■ **Data below**
○ ○ ○ ○ ○
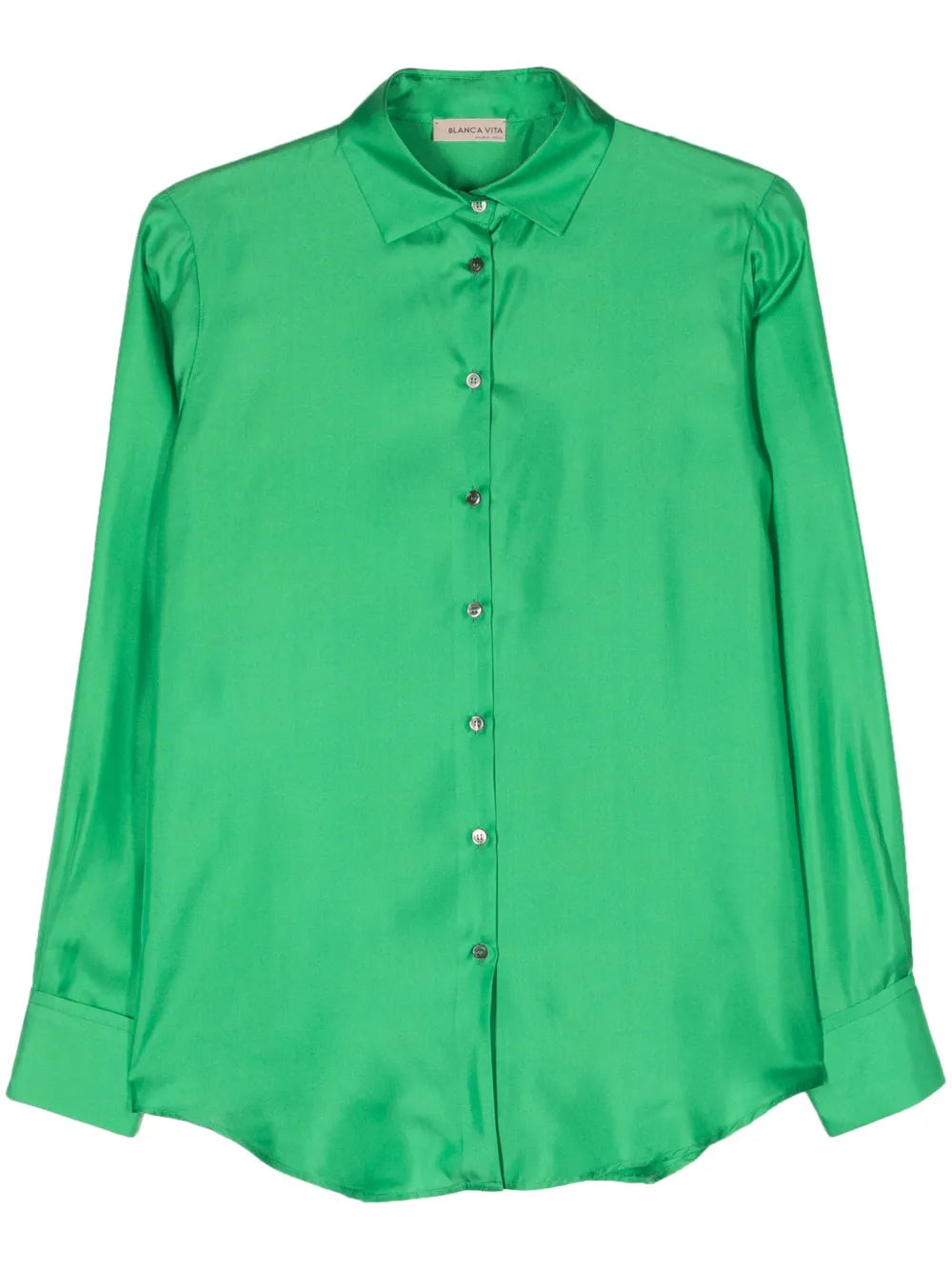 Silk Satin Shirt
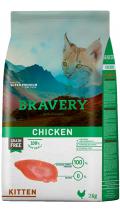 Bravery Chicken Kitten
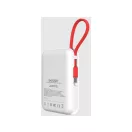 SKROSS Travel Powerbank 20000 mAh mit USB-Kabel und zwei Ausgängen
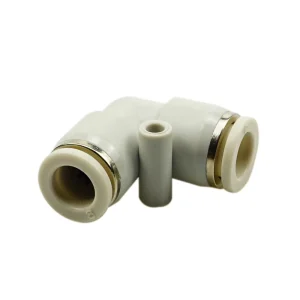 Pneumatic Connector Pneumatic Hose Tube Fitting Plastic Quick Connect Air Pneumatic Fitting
○ ○ ○ ○ ○
■ **Work required**
Omit the pictures. Transcribe word for word the lines from the one containing "SKROSS Travel Powerbank" through the end of the listing, inclusive.

■ **Exercise response**
 SKROSS Travel Powerbank 20000 mAh mit USB-Kabel und zwei Ausgängen
 Pneumatic Connector Pneumatic Hose Tube Fitting Plastic Quick Connect Air Pneumatic Fitting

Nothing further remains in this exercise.